*** Opening of Data for the task ***

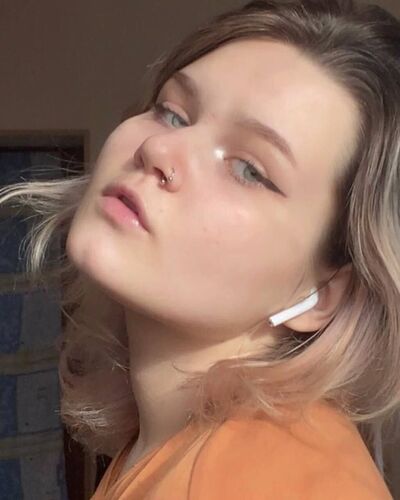  ,   Alice, 22 ,     , c , 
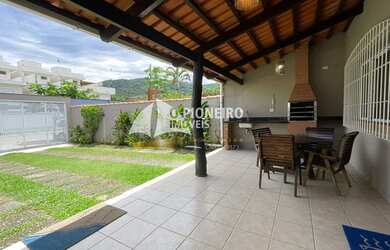 Imagem: A casa possui 5 Dormitórios, 2 Banheiros, 4 Vagas na garagem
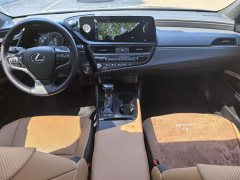 Lexus ES 300h Excellence Edition - ფოტო 12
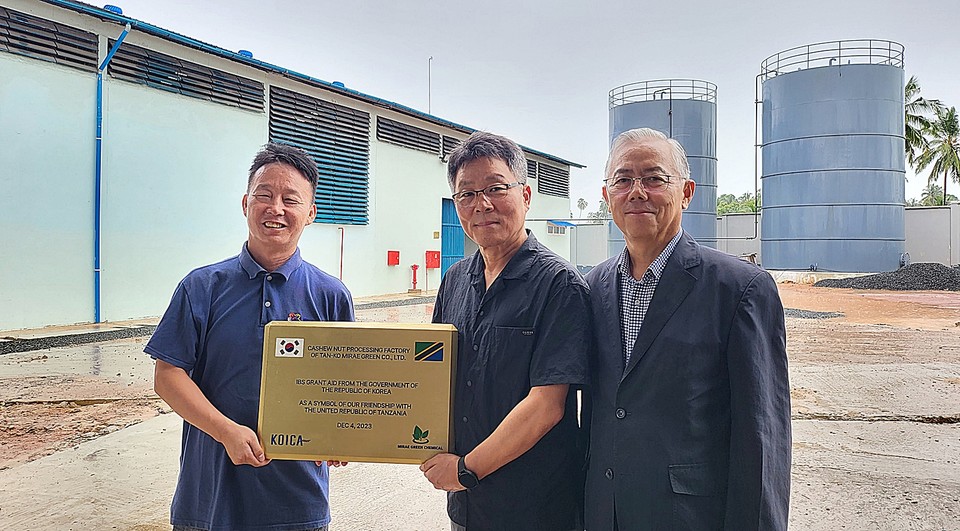 ▲ 현판식을 진행하고 있다. (왼쪽부터) 신만식 한국국제협력단(KOICA) 탄자니아 사무소장, 조희성 미래그린케미칼 대표이사, 김영웅 탄코미래그린 법인장.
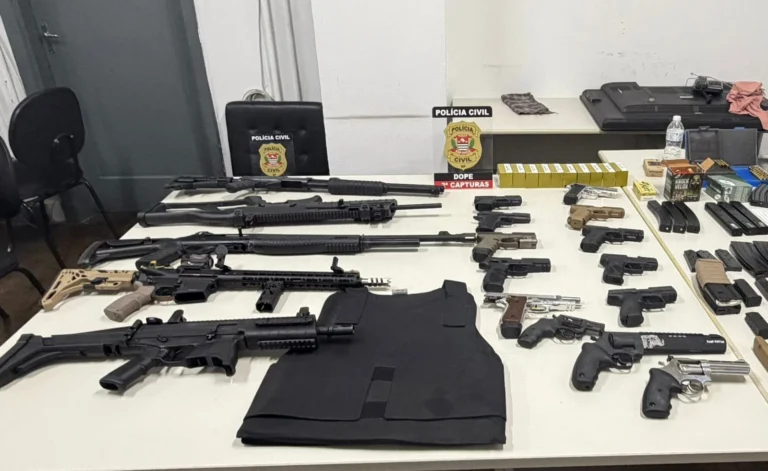 Foragido é preso com arsenal de armas na Grande SP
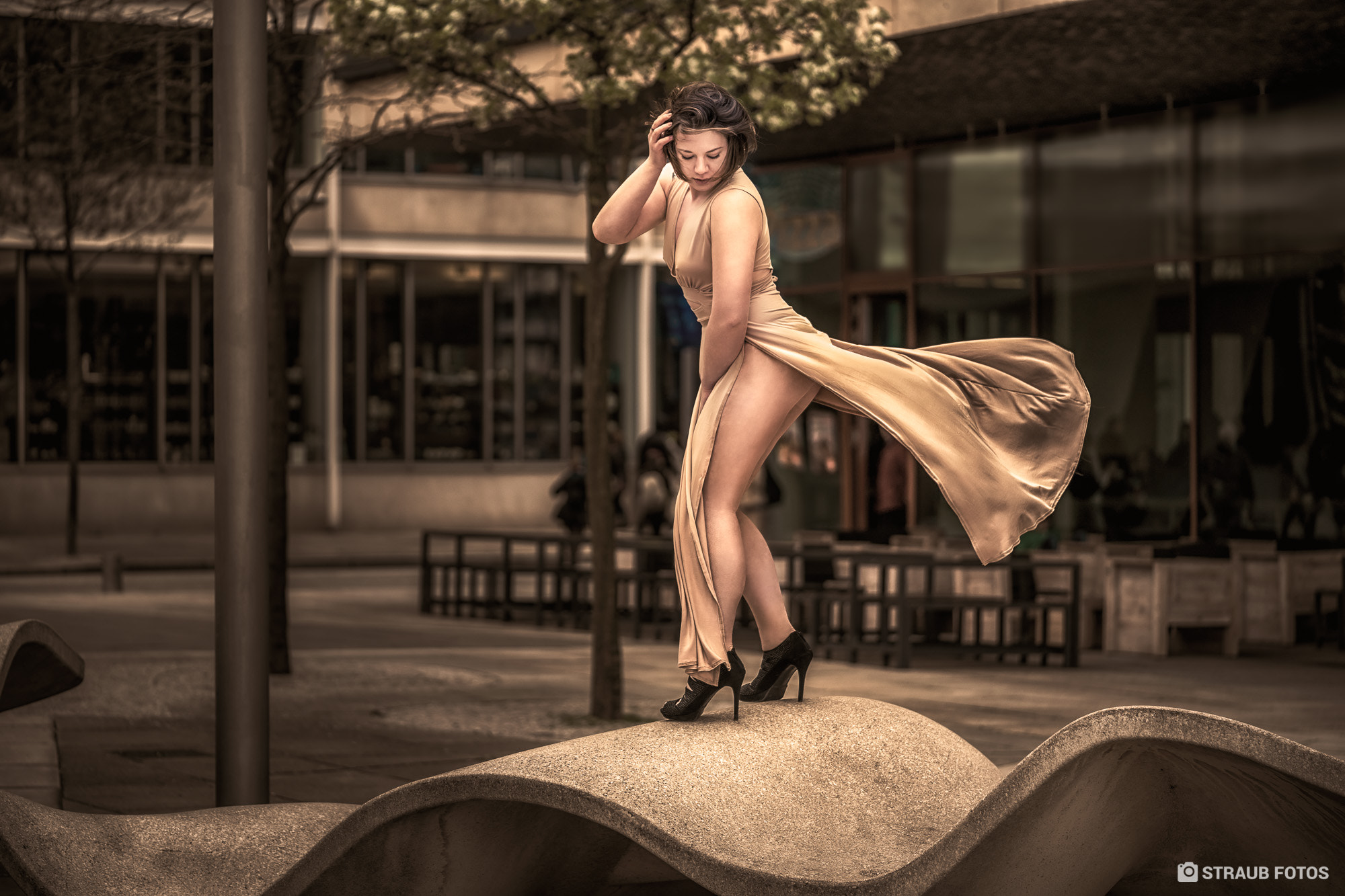 Sony a7 II + Sony FE 90mm F2.8 Macro G OSS sample photo. In the wind photography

*** Close of Data for the task ***

Transcribe exactly each line of the records from the start up to and including the one with "Foragido é preso", and leave out every picture.

Answer for the task –
  ,   Alice, 22 ,     , c , 
 Imagem: A casa possui 5 Dormitórios, 2 Banheiros, 4 Vagas na garagem
 Lexus ES 300h Excellence Edition - ფოტო 12
 ▲ 현판식을 진행하고 있다. (왼쪽부터) 신만식 한국국제협력단(KOICA) 탄자니아 사무소장, 조희성 미래그린케미칼 대표이사, 김영웅 탄코미래그린 법인장.
 Foragido é preso com arsenal de armas na Grande SP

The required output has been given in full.